Listing, counting coefficients of unique Mongo DB values ​​for all keys

I am preparing a descriptive "schema" (quelle horreur) for MongoDB, with which I worked.

I used the excellent variant.js to create a list of all the keys and show the coverage of each key. However, in cases where the values ​​corresponding to the keys have a small set of values, I would like to be able to list the entire set as "available values". In R, I would consider them as “factors” for a categorical variable, i.e. Gender: ["M", "F"].
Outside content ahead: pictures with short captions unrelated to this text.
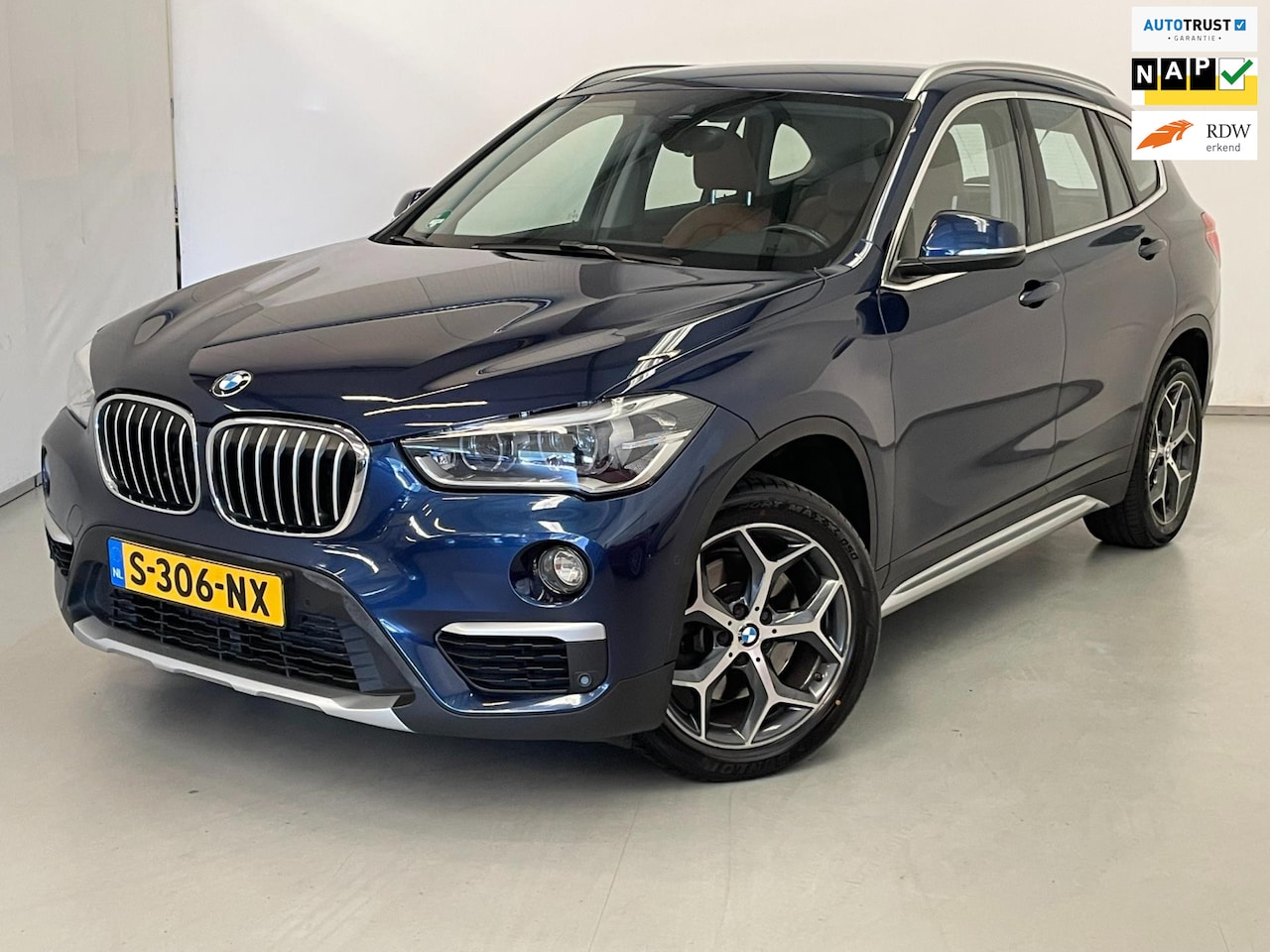 BMW X1 - XDrive20i / Harman / Memory / Adaptive / Keyless / Trekhaak - AutoWereld.nl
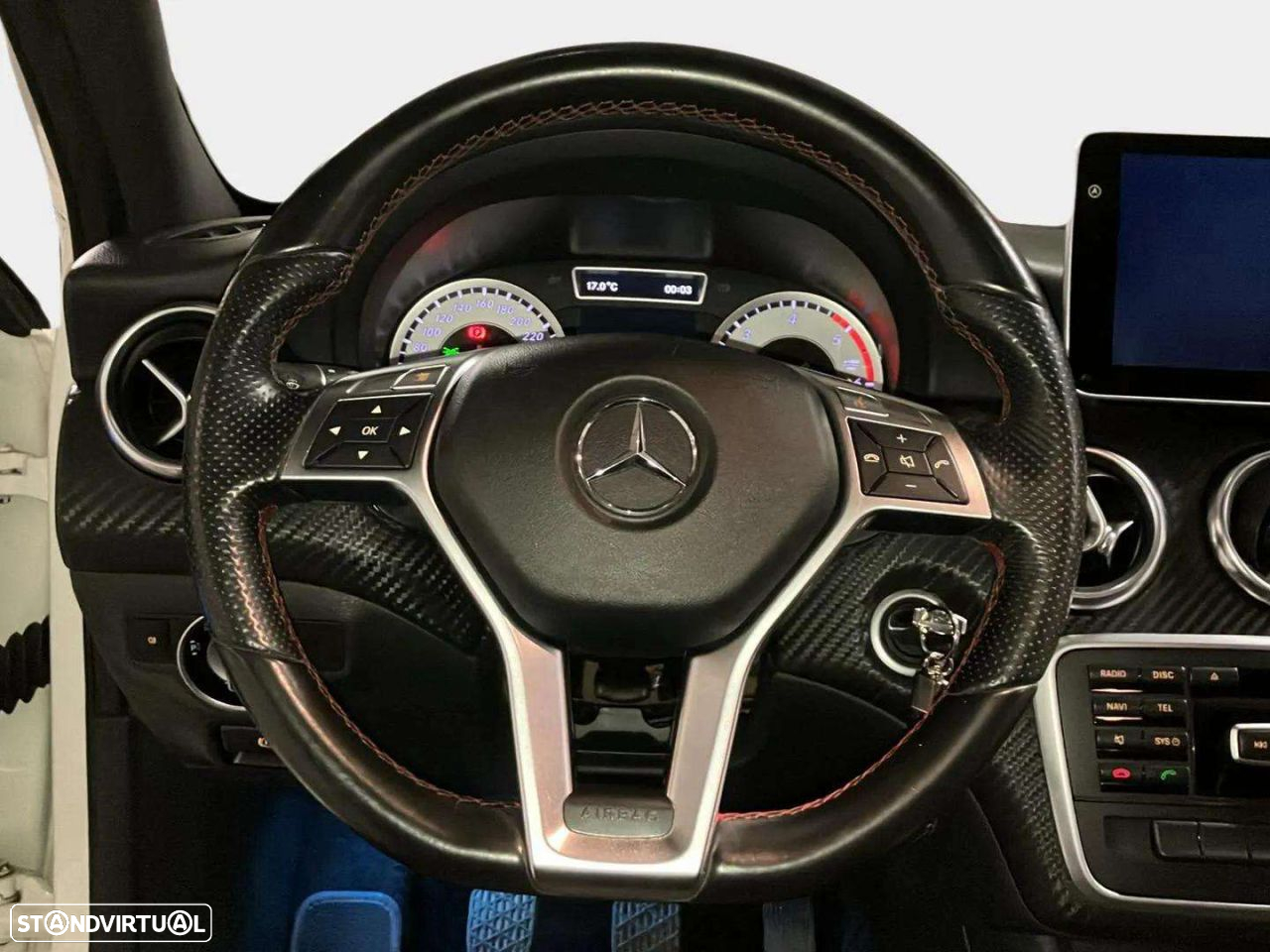 Mercedes-Benz A 180 CDi BE AMG Line - 14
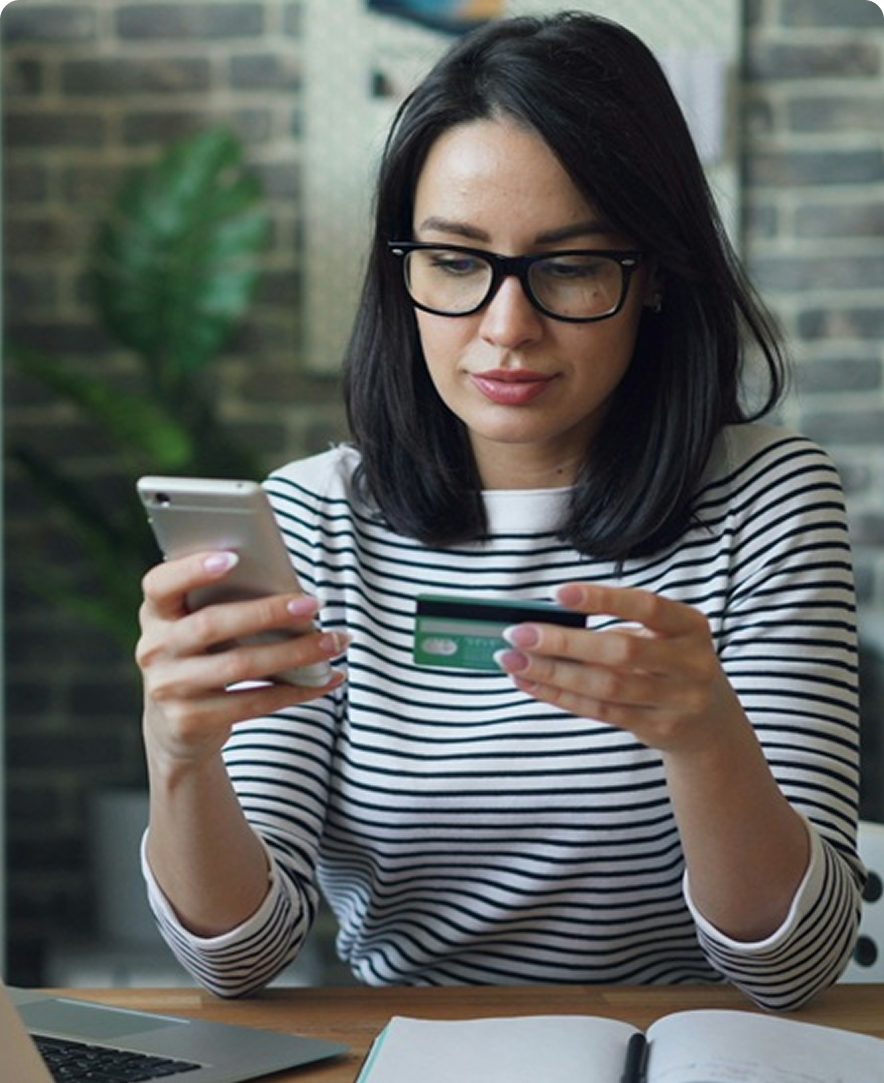 Femme faisant un paiement en lgne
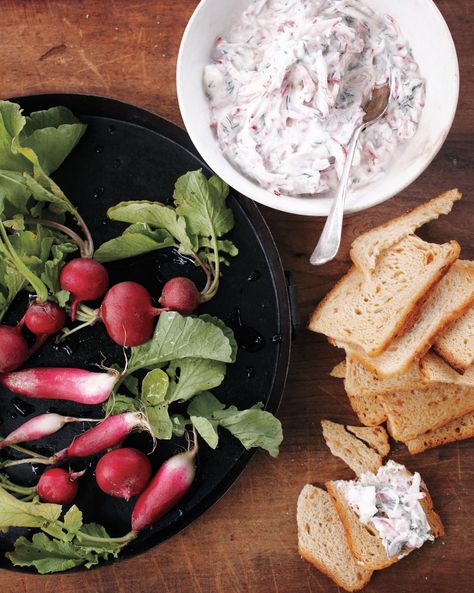 Radish Dip, Spring Appetizers, Recipes Dips, Radish Recipes, Delicious Dips, Food Dips, Csa Recipes, Dips And Appetizers, Party Dips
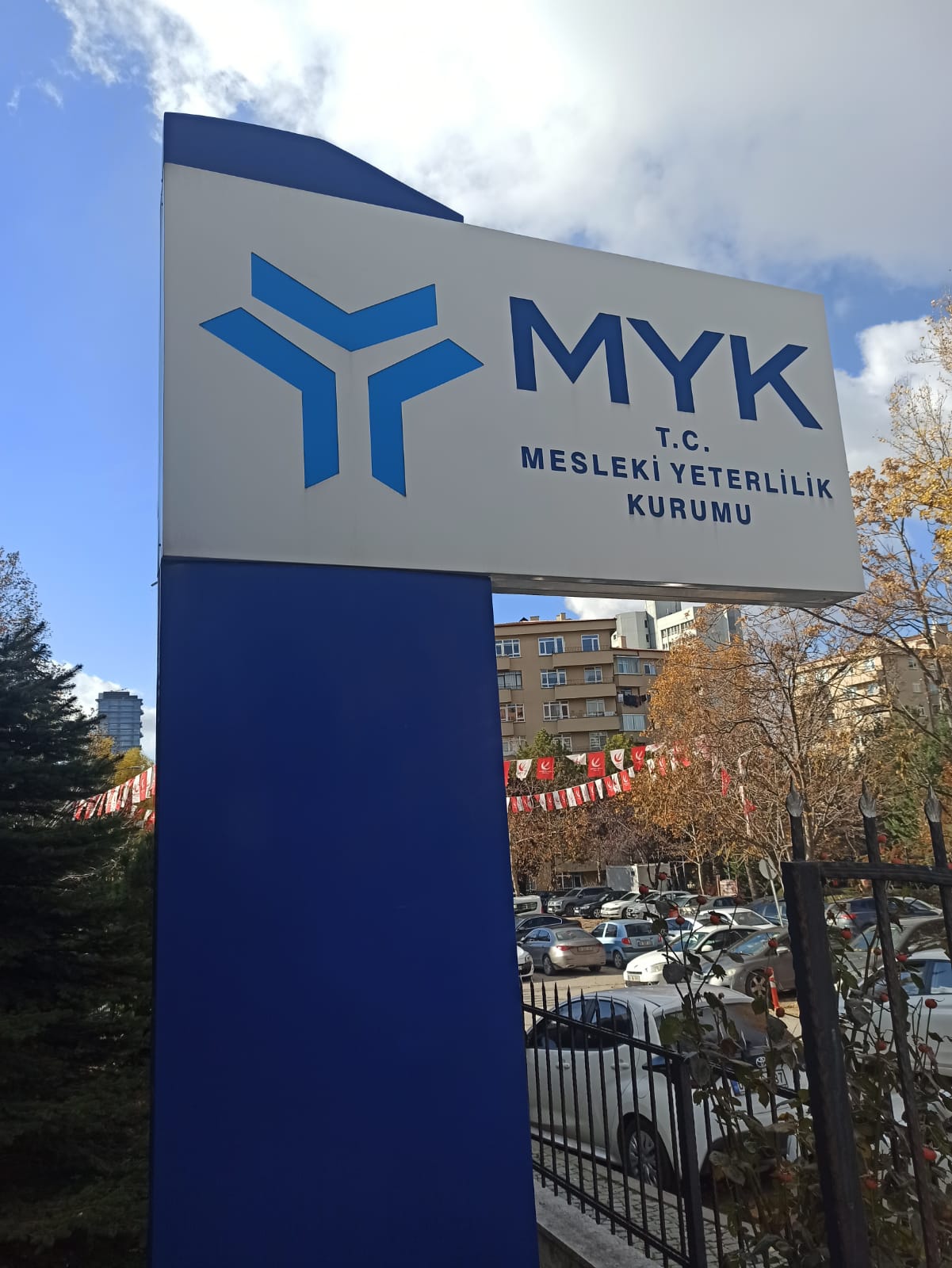 HİPPOTERAPİ MERKEZ MÜDÜRÜ ÖĞR.GÖR.ALİ EKBER ÜN HOCAMIZ MESLEKİ YETERLİLİK KURUMU YETKİLİLERİ İLE AB PROJE TOPLANTISINDA 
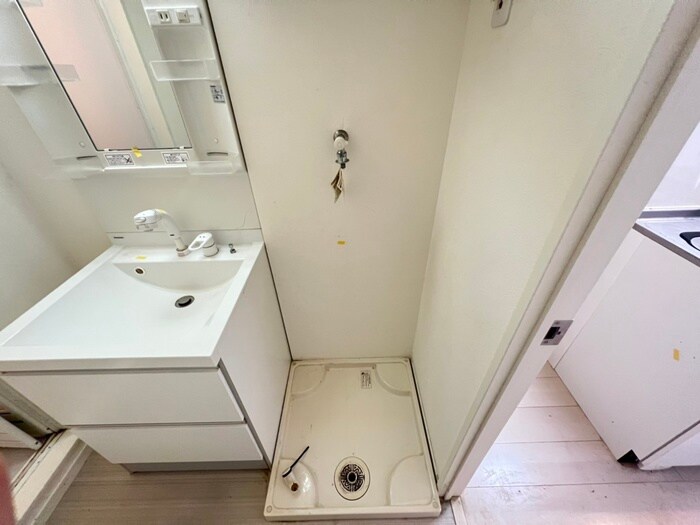 物件内観写真16　(洗濯機置場)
I know that I can just use R + RMongo, query each variable and basically do the same procedure that I would like to create a histogram, but I would like to know a suitable Mongo.query () / javascript / Map, Reduce way to approach to this. I understand that the db.collection.aggregate () functions are just for that.

Before asking for this, I indicated:

But he cannot get the correct piping order. So, for example, if I have such documents:

{_id : 1, "key1" : "value1", "key2": "value3"} {_id : 2, "key1" : "value2", "key2": "value3"} 

I would like to return something like:

 {"key1" : ["value1", "value2"]} {"key2" : ["value3"]} 

Or better, with scores:

 {"key1" : ["value1" : 1, "value2" : 1]} {"key2" : ["value3" : 2]} 

I admit that one of the problems is that these will be any values ​​that have a wide range of different meanings - like text fields or continuous variables. Ideally, if there were more than x different possible values, it would be nice to truncate, say, no more than 20 unique values. If I actually find this more, I would request this variable directly.

This is something like:

 db.collection.aggregate( {$limit: 20, $group: { _id: "$??varname", count: {$sum: 1} }}) 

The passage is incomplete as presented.